Kein Recht auf Umverteilung

Zumindest wurde der zweite Antrag, der die versprochene Lehrstelle als Grund nennt, noch nicht abgelehnt. Wie geht es damit weiter? Liegt es an den Deutschkenntnissen? Nicht unbedingt. Auf Nachfrage heißt es vonseiten der Regierung von Mittelfranken, der Besuch einer Berufsschule – der für Azubis obligatorisch ist – mache nur Sinn, wenn die Prüfungsaufgaben auch gelesen, verstanden und beantwortet werden können.
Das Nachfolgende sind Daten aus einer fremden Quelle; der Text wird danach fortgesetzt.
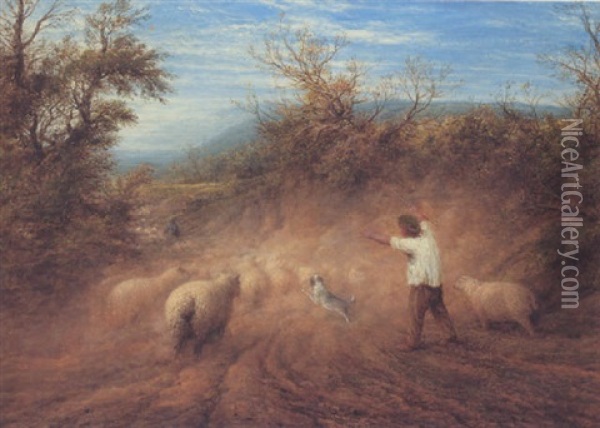 The Dusty Road Oil Painting - John Linnell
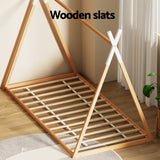Artiss Bed Frame Wooden Kids House Single Frame Oak ENID - 45-Degree Angle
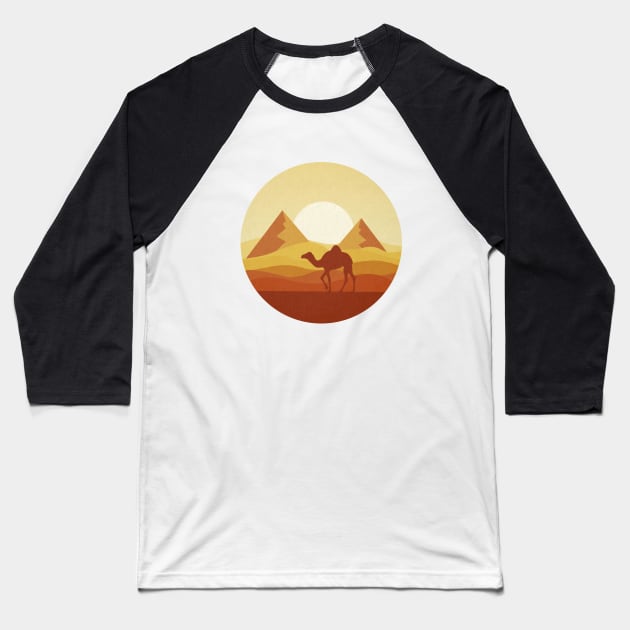 Desert Camel Silhouette Flat Landscape Baseball T-Shirt by astralprints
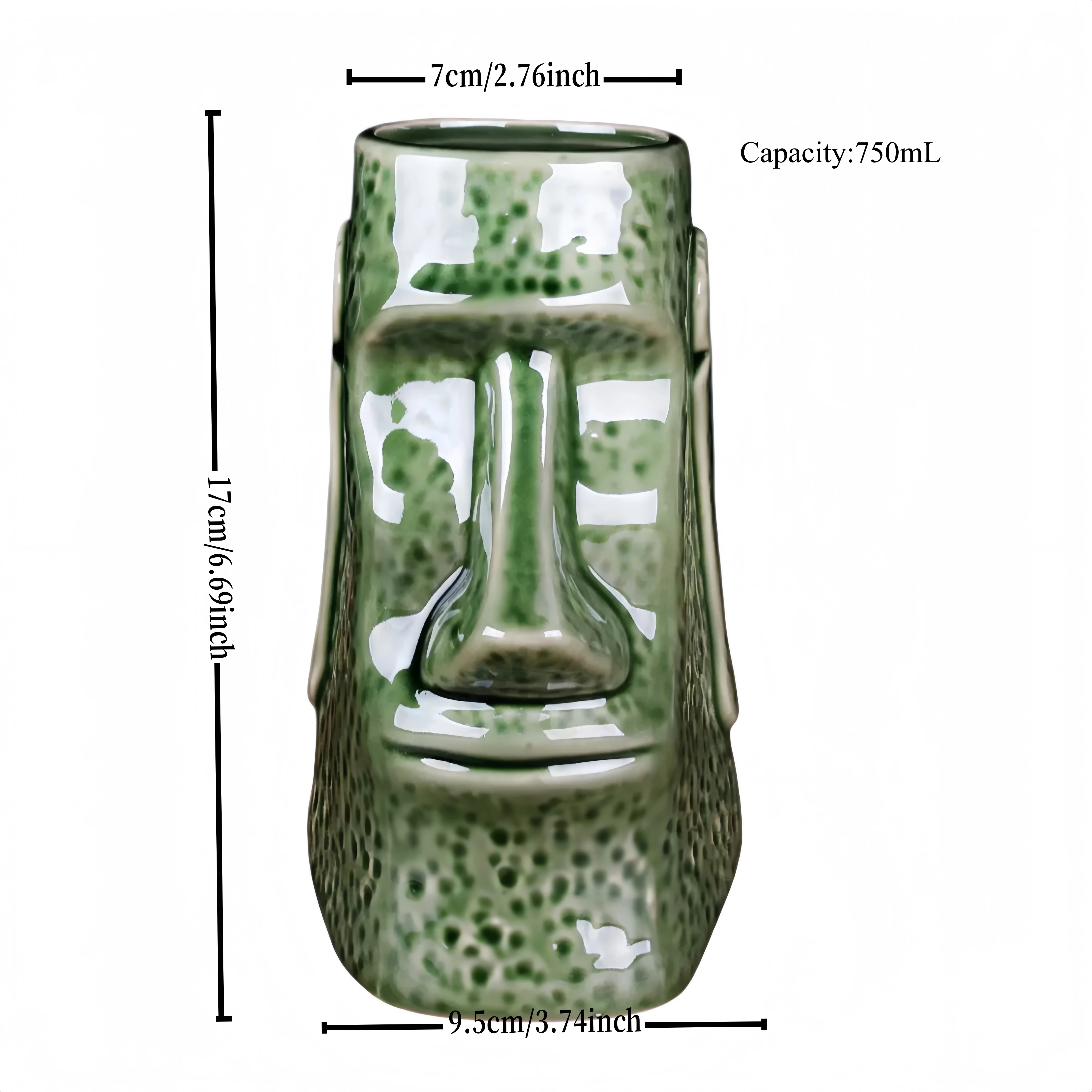 Ceramic Moai Tiki Mug - 750ml Versatile Cocktail Cup, Pen Holder, Makeup Brush Organizer & Coffee Cup for Home Bar Decor - view 6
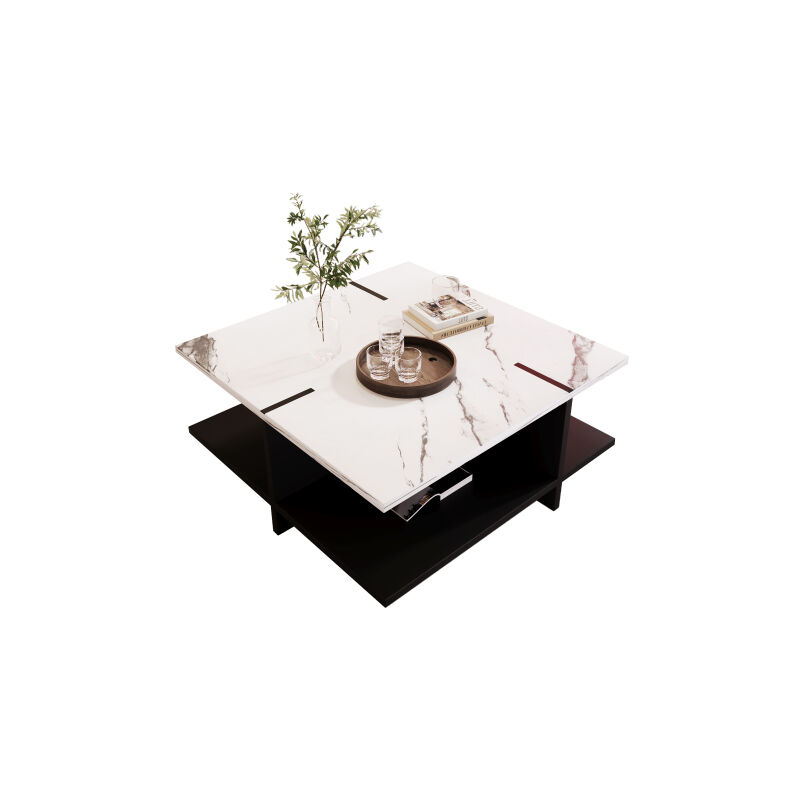Ineasicer - Table basse carrée, design moderne et minimaliste en noir et blanc, aspect marbre blanc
Aber: "Es liegt im Verantwortungsbereich des Ausbildungsbetriebs, ob das notwendige Sprachniveau erreicht wird, um die Ausbildung zu beginnen und erfolgreich abschließen zu können". Das wäre also nicht das Problem.

Dazu ist allerdings festzuhalten: Die Informationen der zuständigen Regierung von Mittelfranken beziehen sich nicht auf den Fall Mamo, sie sind allgemeiner Natur. Demnach gibt es generell kein Recht auf eine Umverteilung aufgrund eines in Aussicht stehenden Ausbildungsplatzes. Jeder Einzelfall werde geprüft, letztlich sei es eine Ermessensentscheidung.

Luise May jedenfalls fühlt sich an der Nase herumgeführt. Doch sie will weiterkämpfen: "Aufgeben kommt nicht in Frage."

"Willkür ist inakzeptabel"

Redakteur Thomas Correll kommentiert den Fall:

Der Fall Mamo hat eine rechtliche Ebene: Es gibt nach geltendem Gesetz keinen zwingenden Grund, Mamo den Umzug nach Schwabach zu erlauben. Der Fall hat aber noch eine zweite Ebene, eine politische: Ein Geflüchteter, der eine Aufenthaltsgestattung hat, sollte auch arbeiten oder eine Ausbildung beginnen dürfen. Es am Wohnort scheitern zu lassen, ist kein gutes Signal an einen integrationswilligen Menschen.

Wird der Umzug von immer neuen Bedingungen abhängig gemacht, wie Luise May behauptet? Es ist merkwürdig, dass in dem Ablehnungsschreiben von der Lehrstelle überhaupt keine Rede ist. Der Ausbildungsvertrag liegt der Behörde schließlich längst vor, wie May betont.

Leider sind verwirrende Signale, unterschiedliche Maßstäbe und komplizierte Bürokratie eher die Regel als die Ausnahme, wenn es um Geflüchtete geht. Jeder, der sich in diesem Bereich engagiert, kann ein Lied davon singen. Regeln sind Regeln, das ist das eine. Aber Willkür ist inakzeptabel.